*PROBLEM DESCRIPTION*. Repeat each entry as written and leave the images out of the copy.

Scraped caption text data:

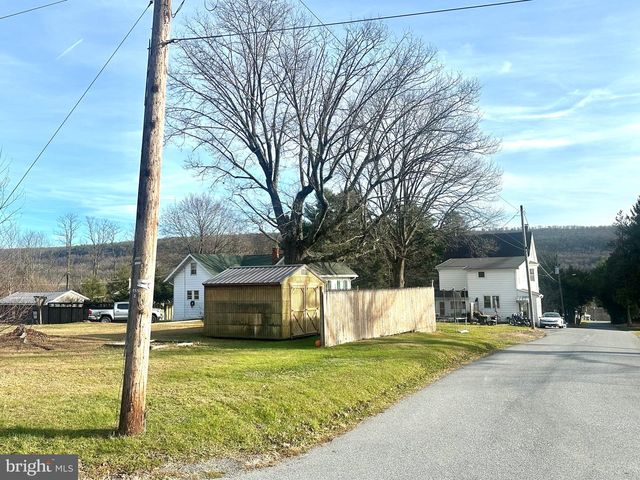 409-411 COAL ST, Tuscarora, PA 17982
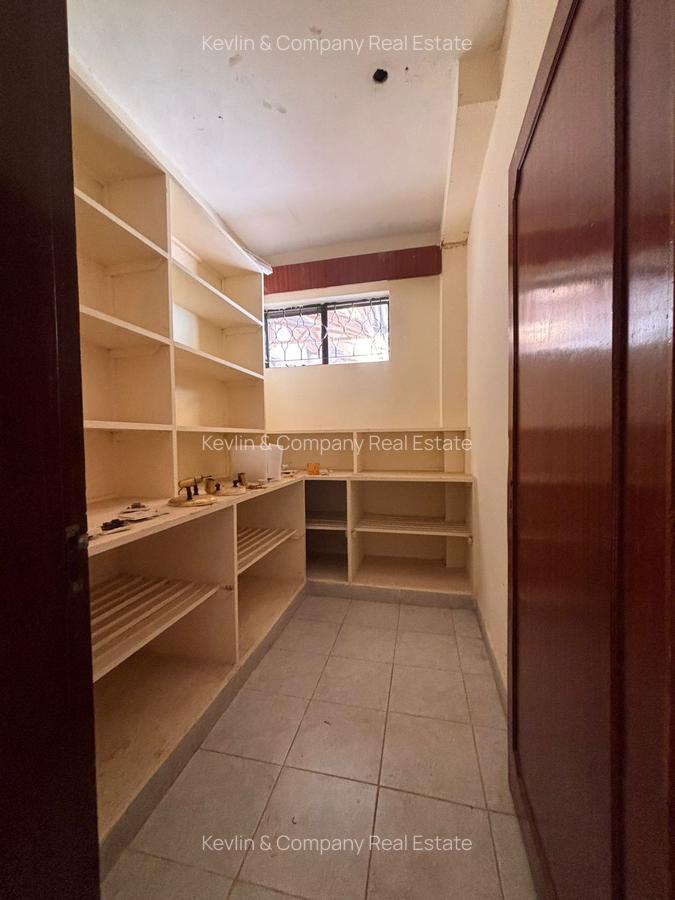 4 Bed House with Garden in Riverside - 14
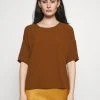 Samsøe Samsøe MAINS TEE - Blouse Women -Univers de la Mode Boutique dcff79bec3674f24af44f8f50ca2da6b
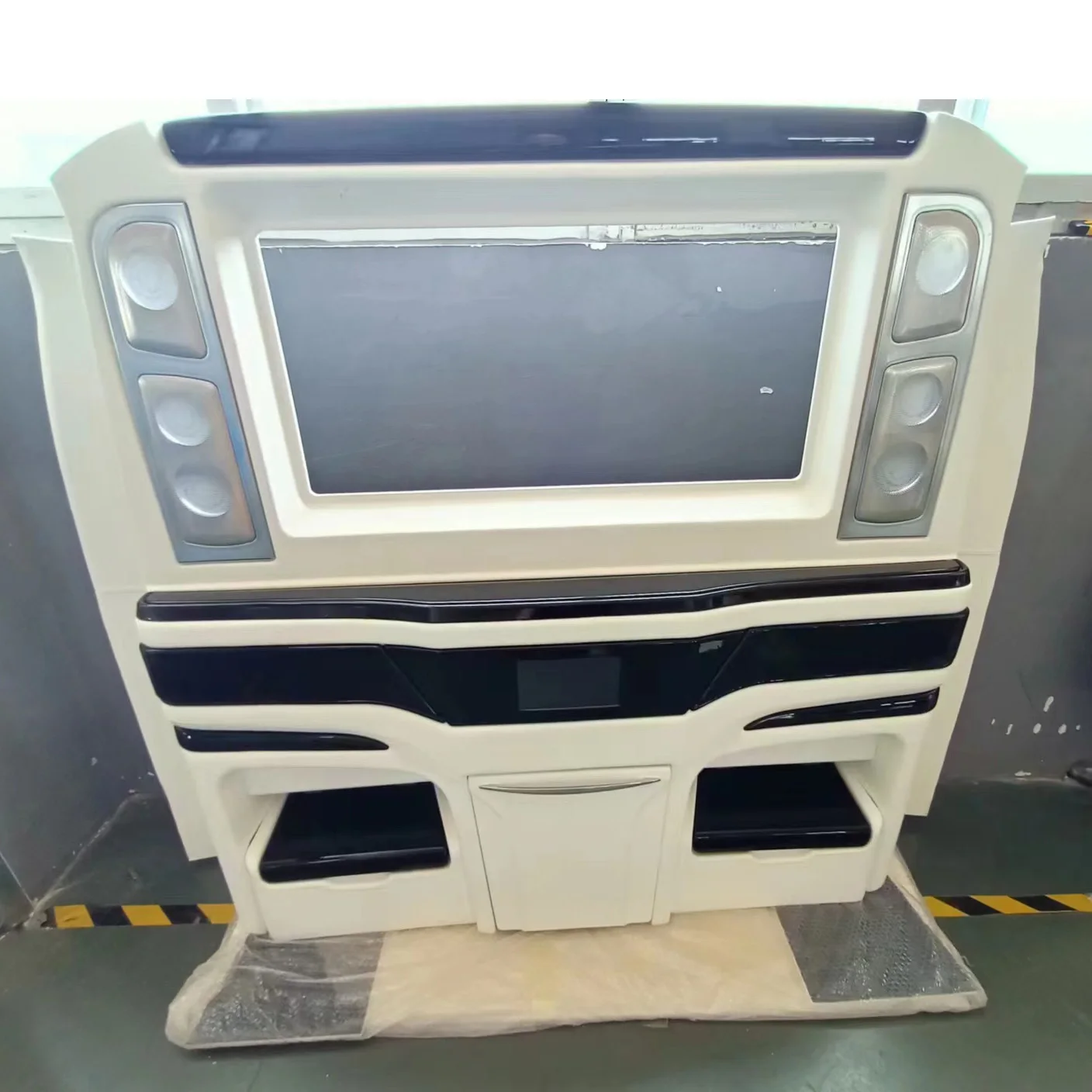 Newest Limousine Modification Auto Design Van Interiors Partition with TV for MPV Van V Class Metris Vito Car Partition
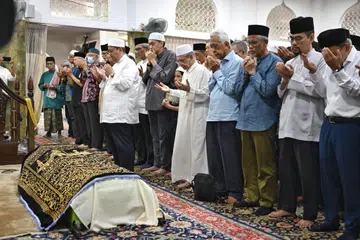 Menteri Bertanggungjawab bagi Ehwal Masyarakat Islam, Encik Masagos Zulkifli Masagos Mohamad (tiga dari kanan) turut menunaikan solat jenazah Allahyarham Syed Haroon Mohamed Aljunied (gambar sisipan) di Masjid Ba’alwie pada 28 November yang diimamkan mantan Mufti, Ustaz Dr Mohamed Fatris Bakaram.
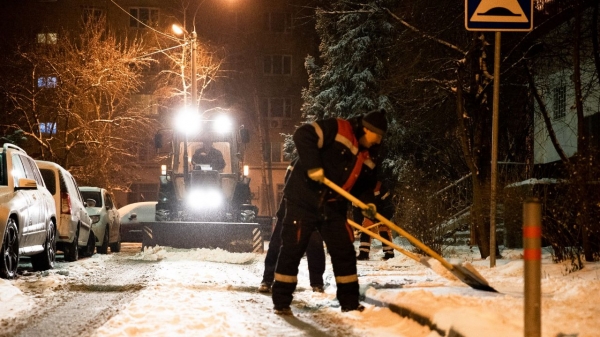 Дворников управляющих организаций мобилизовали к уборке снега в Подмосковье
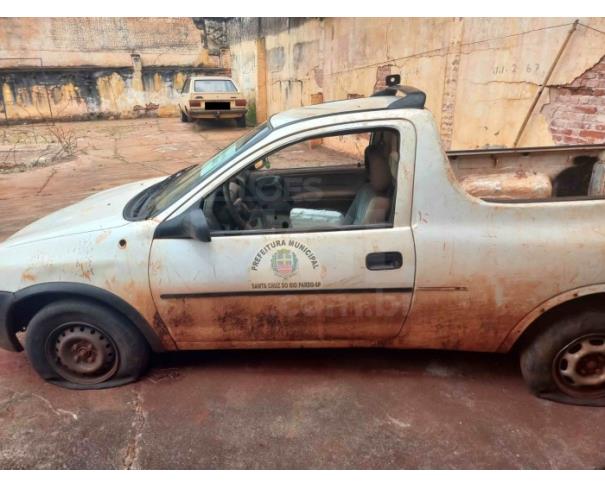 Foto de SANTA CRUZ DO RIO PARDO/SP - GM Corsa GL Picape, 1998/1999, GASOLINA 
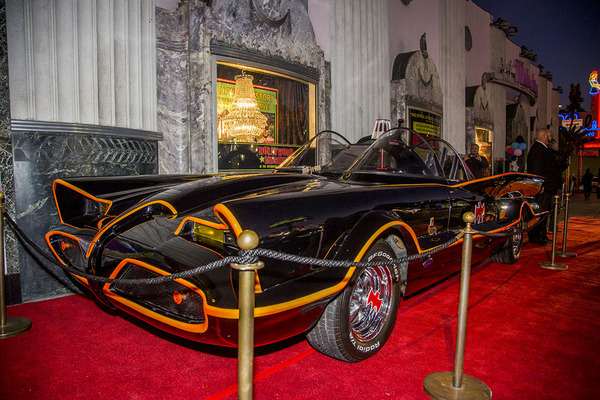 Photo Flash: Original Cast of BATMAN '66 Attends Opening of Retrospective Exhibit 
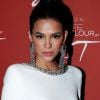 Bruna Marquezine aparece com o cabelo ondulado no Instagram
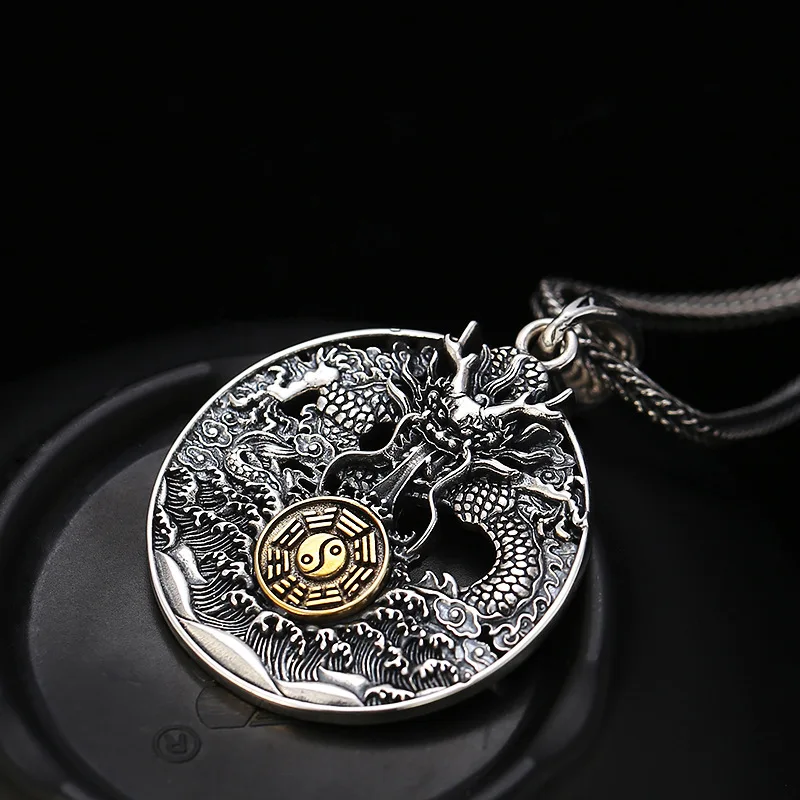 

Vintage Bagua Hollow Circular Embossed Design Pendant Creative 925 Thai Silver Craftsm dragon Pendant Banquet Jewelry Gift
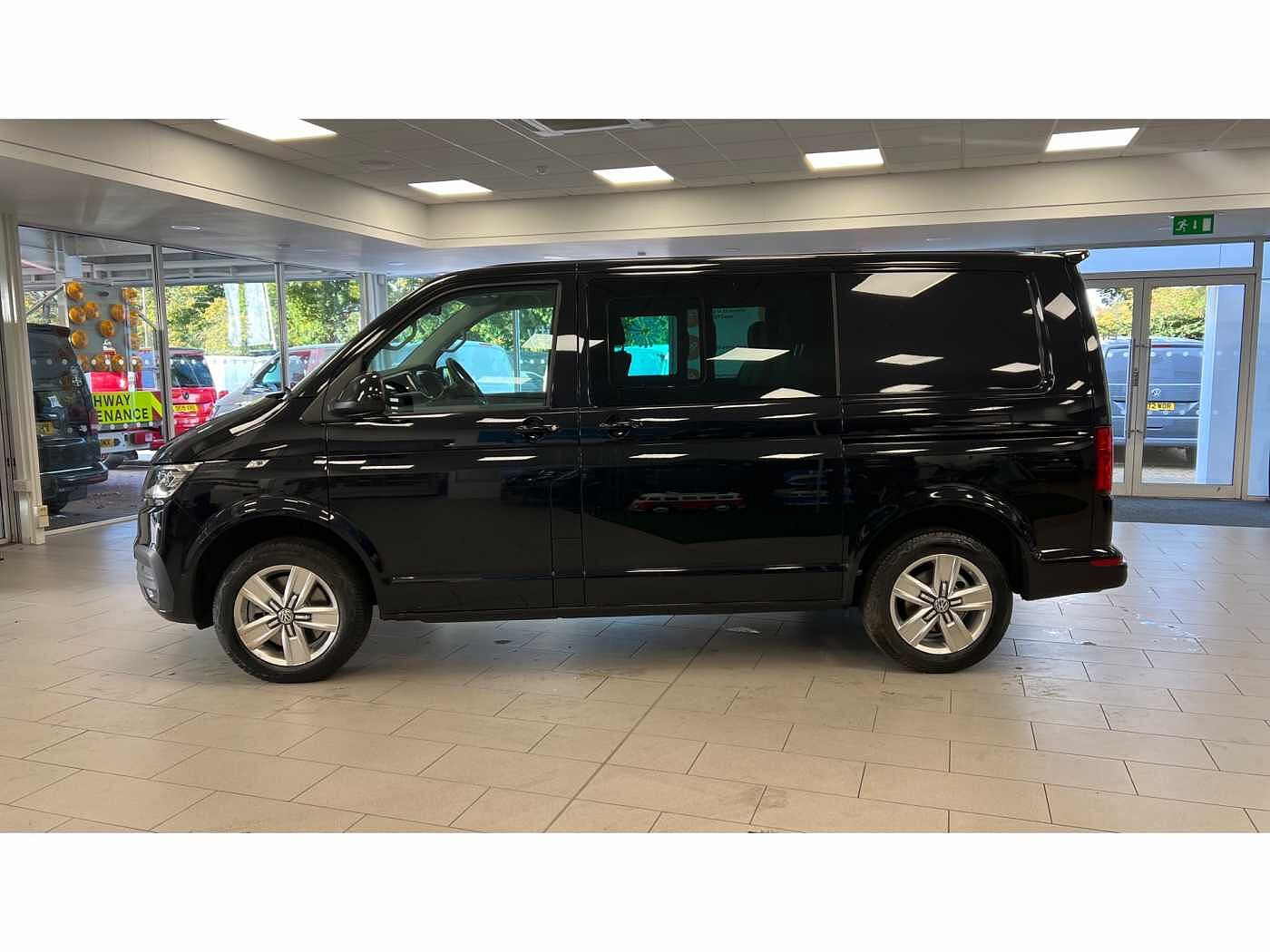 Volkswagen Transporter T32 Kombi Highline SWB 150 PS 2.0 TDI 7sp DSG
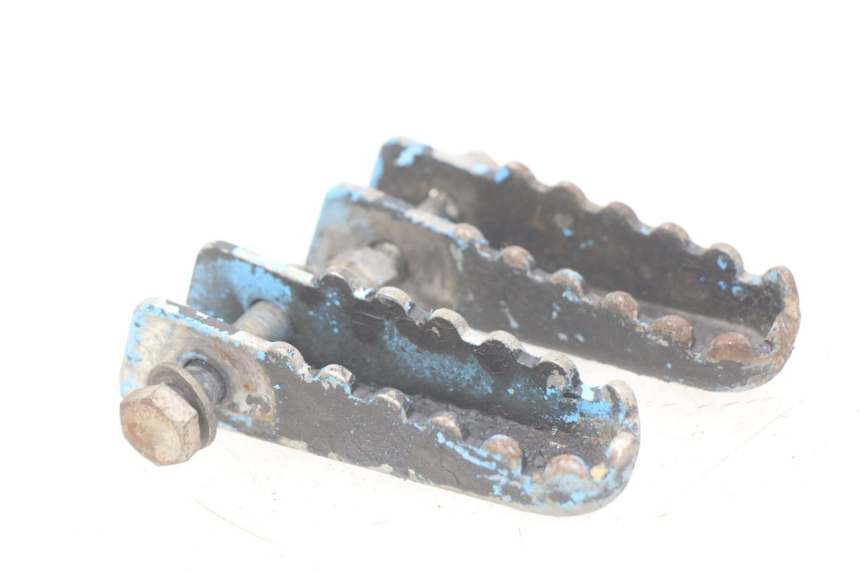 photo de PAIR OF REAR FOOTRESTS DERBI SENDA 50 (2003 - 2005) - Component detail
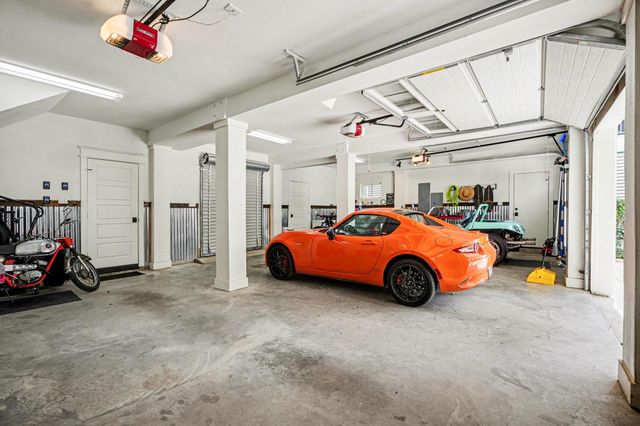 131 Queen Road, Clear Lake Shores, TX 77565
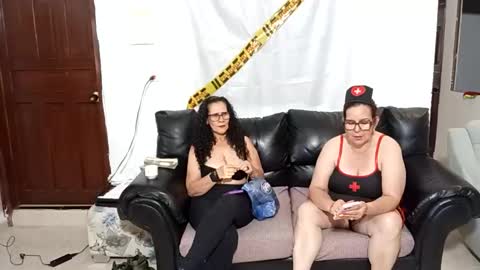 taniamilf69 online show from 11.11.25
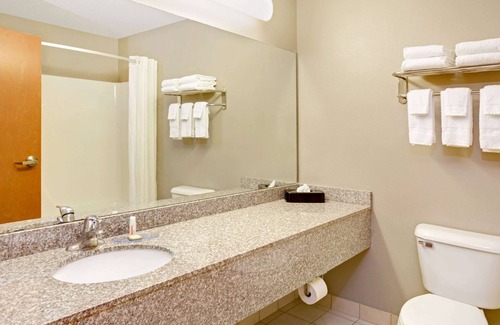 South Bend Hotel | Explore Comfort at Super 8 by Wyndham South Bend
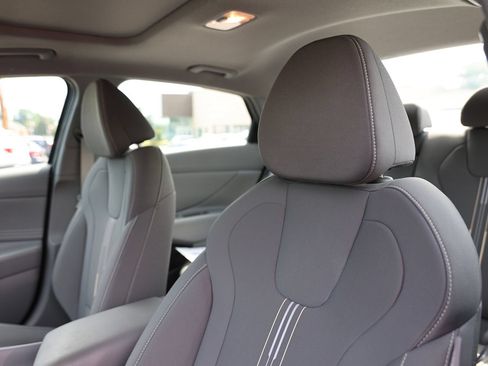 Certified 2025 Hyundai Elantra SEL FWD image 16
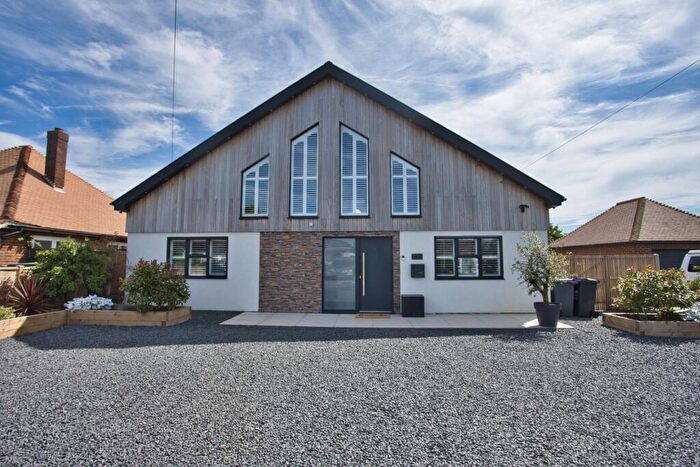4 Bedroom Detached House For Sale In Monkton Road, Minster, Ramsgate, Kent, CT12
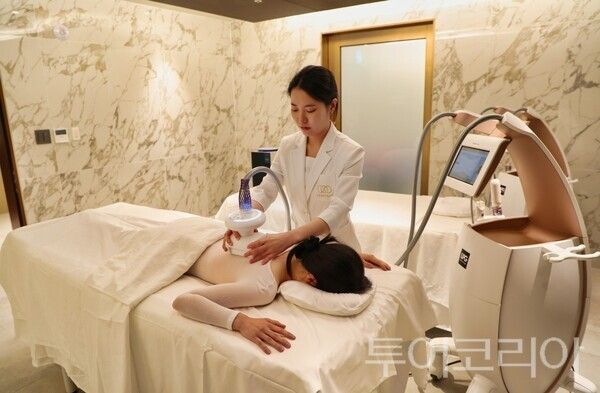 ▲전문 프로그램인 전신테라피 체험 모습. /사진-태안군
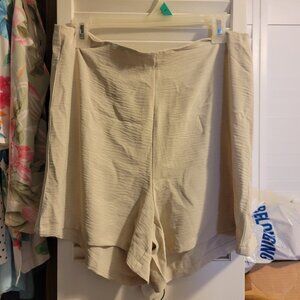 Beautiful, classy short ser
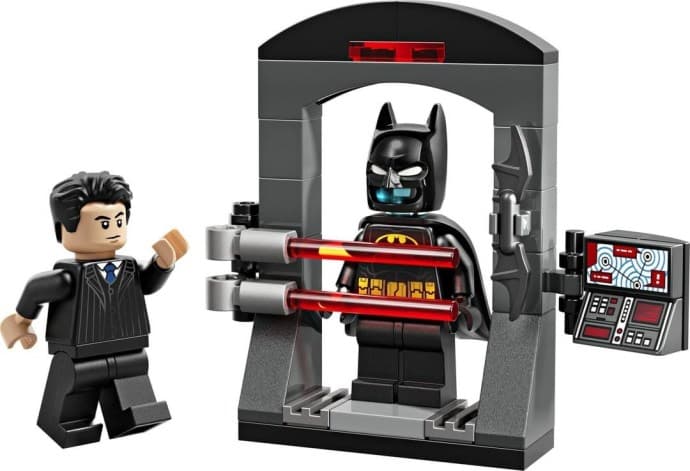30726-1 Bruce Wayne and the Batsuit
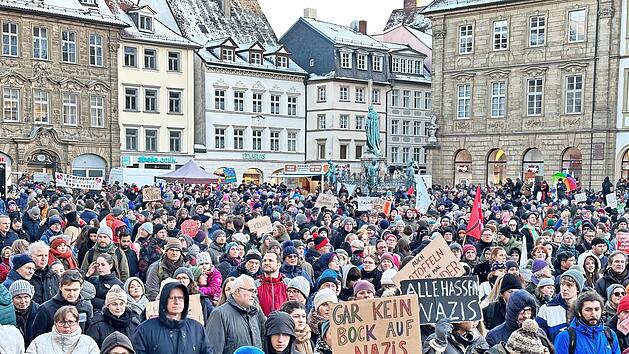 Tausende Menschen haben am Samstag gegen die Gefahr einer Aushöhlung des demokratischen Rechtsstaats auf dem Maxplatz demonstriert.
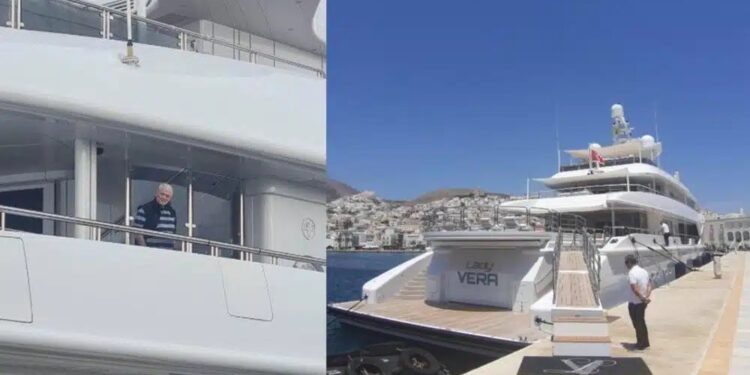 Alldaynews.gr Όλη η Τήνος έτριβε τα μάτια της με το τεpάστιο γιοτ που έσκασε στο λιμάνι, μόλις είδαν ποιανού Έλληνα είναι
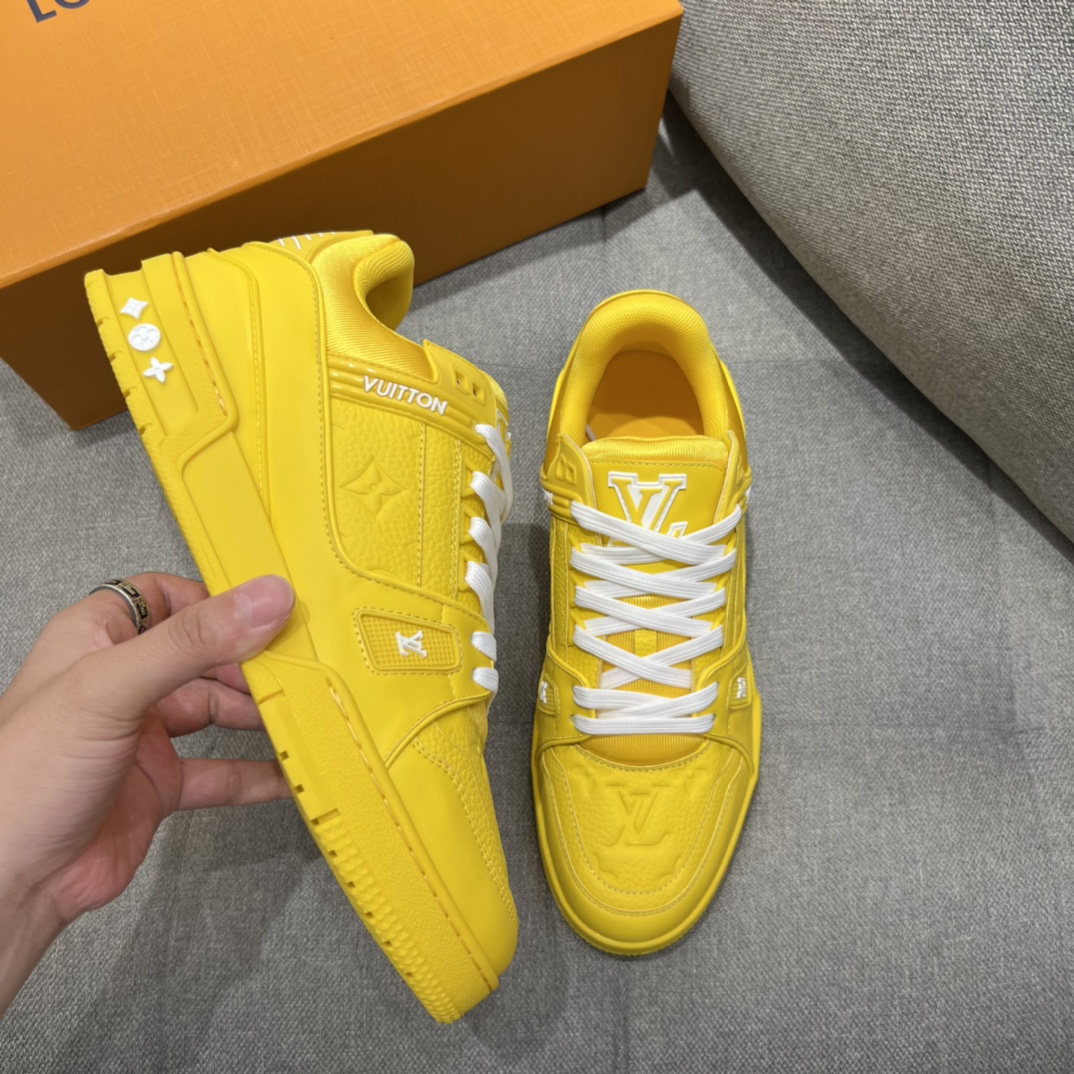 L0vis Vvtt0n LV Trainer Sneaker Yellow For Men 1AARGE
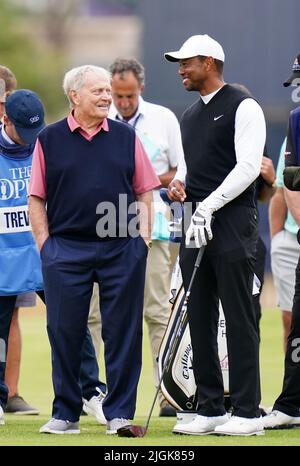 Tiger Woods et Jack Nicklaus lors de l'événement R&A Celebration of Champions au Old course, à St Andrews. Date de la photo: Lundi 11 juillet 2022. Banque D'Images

*WRITTEN REPLY*.
 409-411 COAL ST, Tuscarora, PA 17982
 4 Bed House with Garden in Riverside - 14
 Samsøe Samsøe MAINS TEE - Blouse Women -Univers de la Mode Boutique dcff79bec3674f24af44f8f50ca2da6b
 Newest Limousine Modification Auto Design Van Interiors Partition with TV for MPV Van V Class Metris Vito Car Partition
 Menteri Bertanggungjawab bagi Ehwal Masyarakat Islam, Encik Masagos Zulkifli Masagos Mohamad (tiga dari kanan) turut menunaikan solat jenazah Allahyarham Syed Haroon Mohamed Aljunied (gambar sisipan) di Masjid Ba’alwie pada 28 November yang diimamkan mantan Mufti, Ustaz Dr Mohamed Fatris Bakaram.
 Дворников управляющих организаций мобилизовали к уборке снега в Подмосковье
 Foto de SANTA CRUZ DO RIO PARDO/SP - GM Corsa GL Picape, 1998/1999, GASOLINA 
 Photo Flash: Original Cast of BATMAN '66 Attends Opening of Retrospective Exhibit 
 Bruna Marquezine aparece com o cabelo ondulado no Instagram

Vintage Bagua Hollow Circular Embossed Design Pendant Creative 925 Thai Silver Craftsm dragon Pendant Banquet Jewelry Gift
 Volkswagen Transporter T32 Kombi Highline SWB 150 PS 2.0 TDI 7sp DSG
 photo de PAIR OF REAR FOOTRESTS DERBI SENDA 50 (2003 - 2005) - Component detail
 131 Queen Road, Clear Lake Shores, TX 77565
 taniamilf69 online show from 11.11.25
 South Bend Hotel | Explore Comfort at Super 8 by Wyndham South Bend
 Certified 2025 Hyundai Elantra SEL FWD image 16
4 Bedroom Detached House For Sale In Monkton Road, Minster, Ramsgate, Kent, CT12
 ▲전문 프로그램인 전신테라피 체험 모습. /사진-태안군
 Beautiful, classy short ser
30726-1 Bruce Wayne and the Batsuit
 Tausende Menschen haben am Samstag gegen die Gefahr einer Aushöhlung des demokratischen Rechtsstaats auf dem Maxplatz demonstriert.
 Alldaynews.gr Όλη η Τήνος έτριβε τα μάτια της με το τεpάστιο γιοτ που έσκασε στο λιμάνι, μόλις είδαν ποιανού Έλληνα είναι
 L0vis Vvtt0n LV Trainer Sneaker Yellow For Men 1AARGE
 Tiger Woods et Jack Nicklaus lors de l'événement R&A Celebration of Champions au Old course, à St Andrews. Date de la photo: Lundi 11 juillet 2022. Banque D'Images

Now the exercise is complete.